Here's the Keyword.LOCATE sub:

SUB Keyword.LOCATE ()
  a$ = getfullword$
  b$ = getfullword$
  IF a$ = "eof" OR b$ = "eof" THEN ShowError 1
  Math.Parser a$
END SUB

I'm going to explain the STRING Parser later, when we finish the Math parser(this will take a long time).

1.3 ShowError SUB

The show error sub will be called when an error is found on the program, this will make the compiler programming a lot easier.

' ShowError sub
SUB ShowError (Errornumber)

  Print "An error was found in the line: ", linen&

  SELECT CASE Errornumber
    CASE 1: PRINT "Argument-count mismatch"
    CASE 2: PRINT "Unkown command"
  END SELECT
  END
END SUB

1.4 Functions to get words and sentences

1.4.1. GetWord$

Getword$ will be a function that will return each word of Text$

- Example of Getword$:

Text$ = "PRINT A$ + B$ + 'Hello'"

Each call to Getword$ will return the next word. Here is what Getword$ will return on each call:

1st call: Getword$ will return "PRINT"
2nd call: Getword$ will return "A$"
3rd call: Getword$ will return "+"
4th call: Getword$ will return "B$"
5th call: Getword$ will return "+"
6th call: Getword$ will return "'Hello'"
7th call: Getword$ will return 'eof'
1.4.2. GetFullWord$

GetFullWord$ will return a full sentence, a sentence will be all the text before a comma (",").
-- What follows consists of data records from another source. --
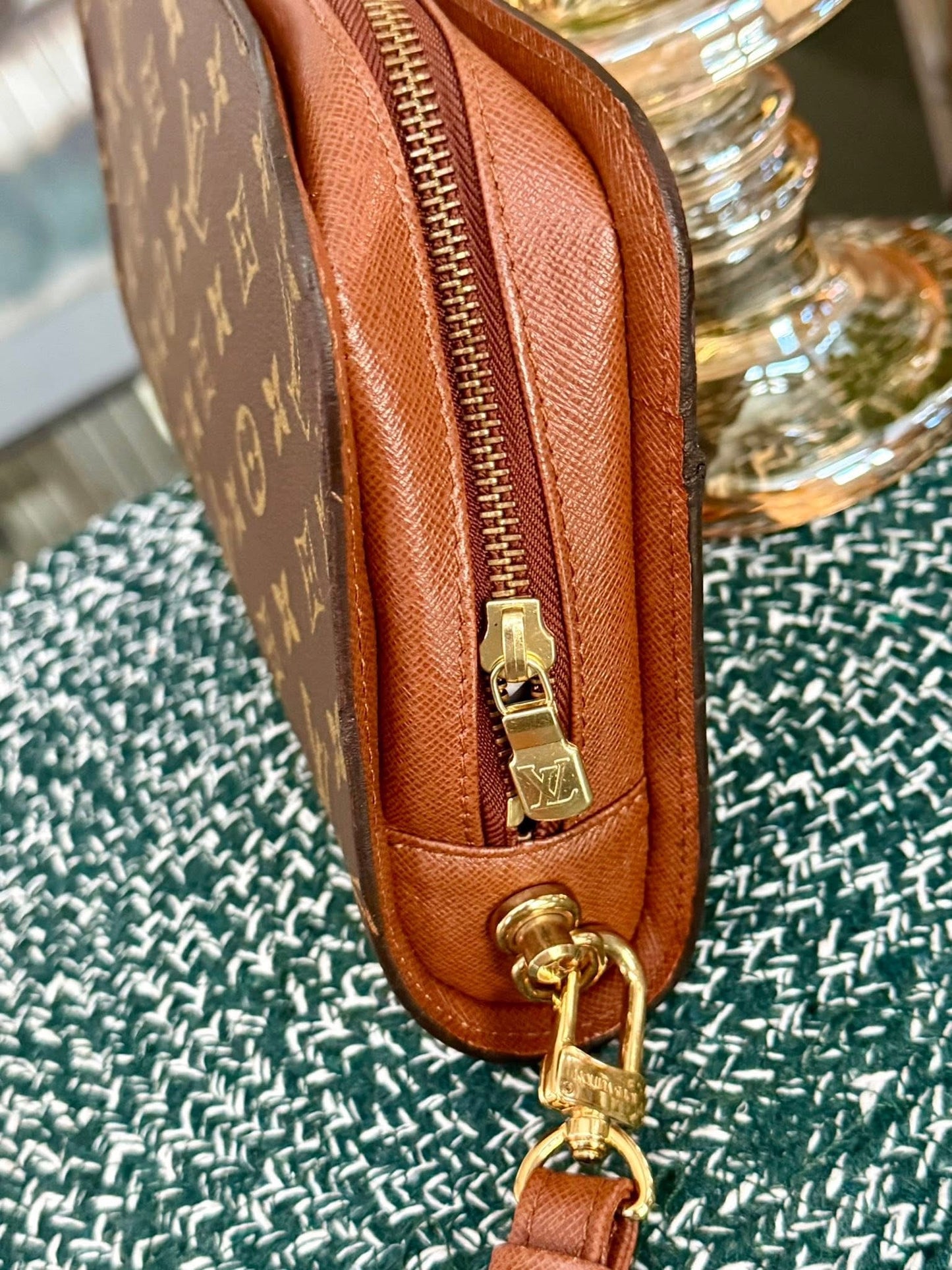Orsay Clutch 🌼🗓️ Year: 1994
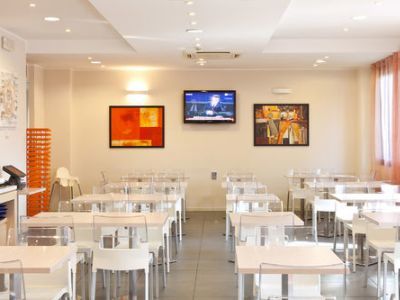 Hotel Express By Holiday Inn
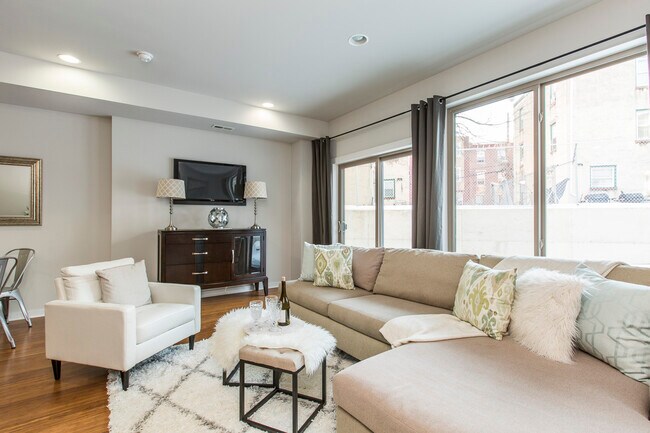 Foto del edificio - 1608 Ridge Ave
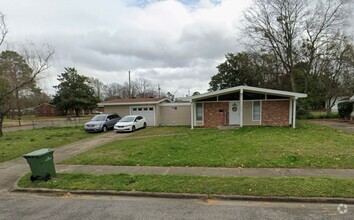 Building Photo - For Rent in Montgomery! Vouchers WELCOME!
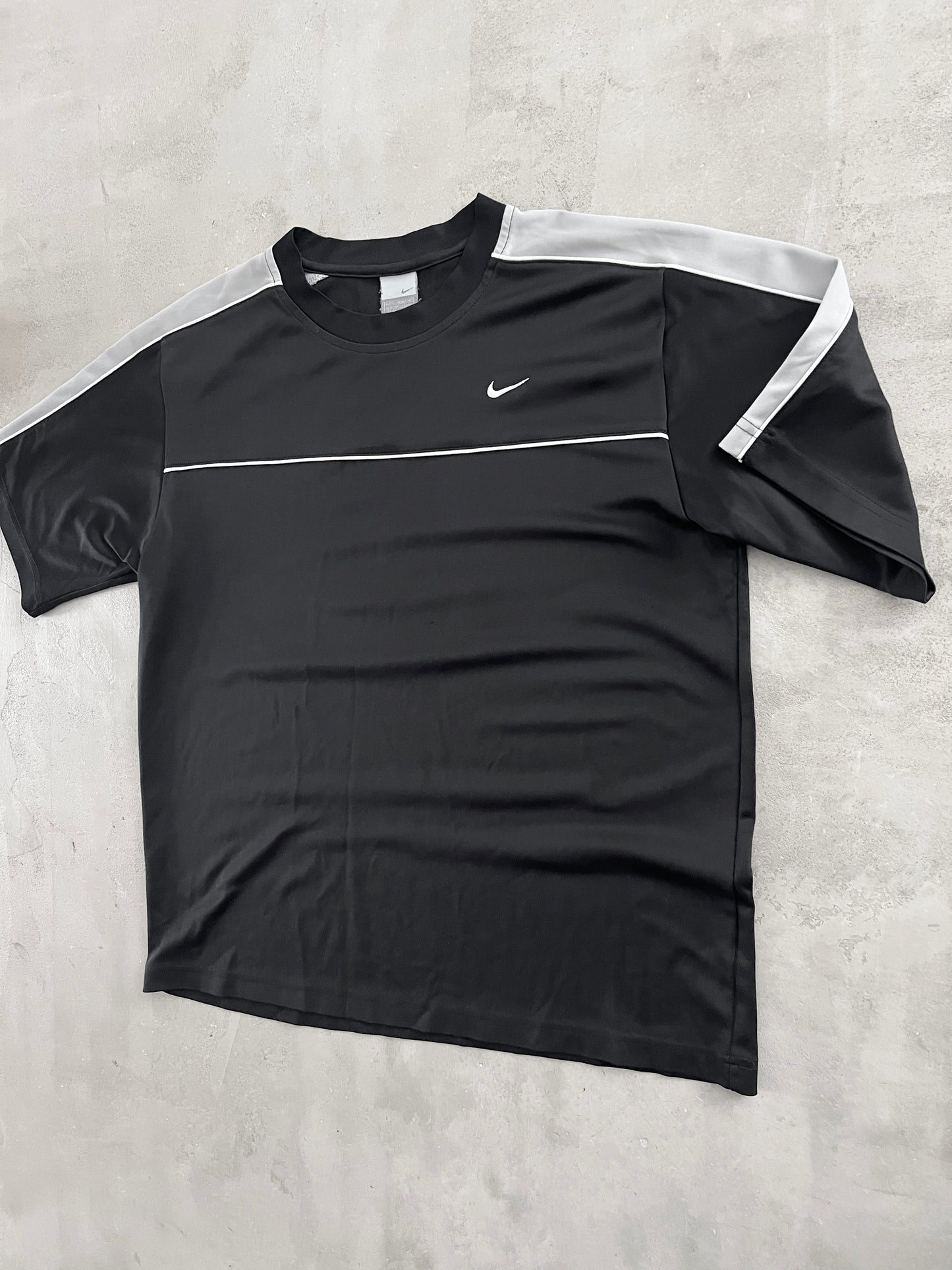 BLACK NIKE TEE - 2000S - M/L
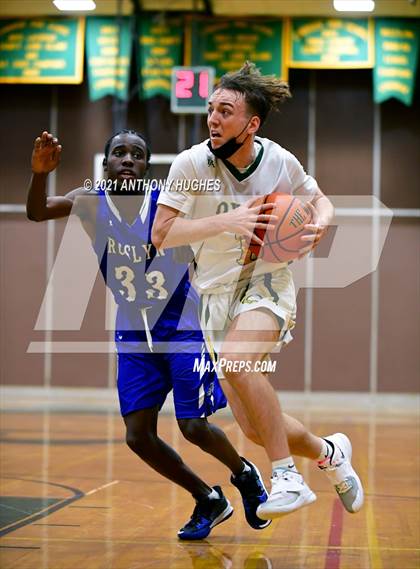 Thumbnail 2 in Roslyn vs Lynbrook photogallery.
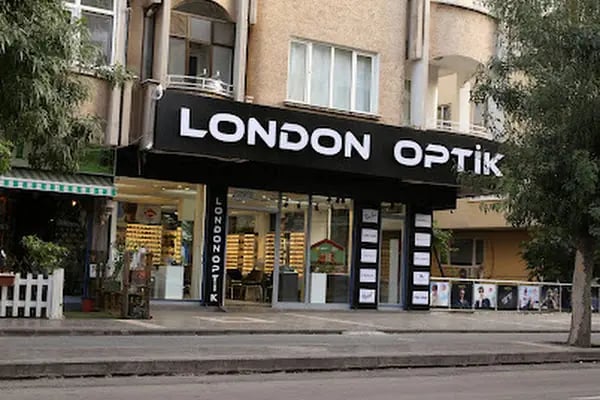 London Optik - Resim 17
So, if text$ = "LOCATE 13 + 2, 12 - col%", it will return on each call:

1st call: "LOCATE 13 + 2"
2nd call: "12 - col%"
3rd call: the text 'eof'

All this functions must return the text "eof" when the end of the line is reached. Also, when it finds a '(comment char), it must return 'eof' too, becuase there is where a comment starts.

Chapter 2. Creating a very simple compiler

Well, now we are going to add the following commands to our compiler:

- CLS (Clears the screen)
- WAITKEY (Waits until a key is pressed)
- END (Finish the program)

You must have the Getword$ and Getfullword$ functions finished, check the 'compiler.bas' for this functions.

To add keywords, we will add the code like this one to our main program:

keyword$ = getword$

SELECT CASE UCASE$(Keyword$)
   CASE AnyKeyword: Keyword.ANYKEYWORD
END SELECT

Check now the main program with the above code added:

DO WHILE NOT EOF(1)
  Line input #1, text$
  linen& = linen& + 1

  keyword$ = getword$

  SELECT CASE UCASE$(Keyword$)  ' Keywords list
    CASE "CLS": Keyword.CLS
    CASE "END": Keyword.END
    CASE "WAITKEY": Keyword.WAITKEY
  END SELECT

LOOP

Let's build the subs for CLS, END, WAITKEY:

SUB Keyword.CLS ()
  PRINT #2, "CALL CLS"
END SUB

SUB Keyword.END ()
  Print #2, "MOV AX, 4C00h"
  Print #2, "INT 21h"
END SUB

SUB Keyword.WAITKEY ()
  Print #2, "XOR AX, AX"
  Print #2, "INT 16h"
END SUB

Great! Now our compiler can do CLS, END and WAITKEY.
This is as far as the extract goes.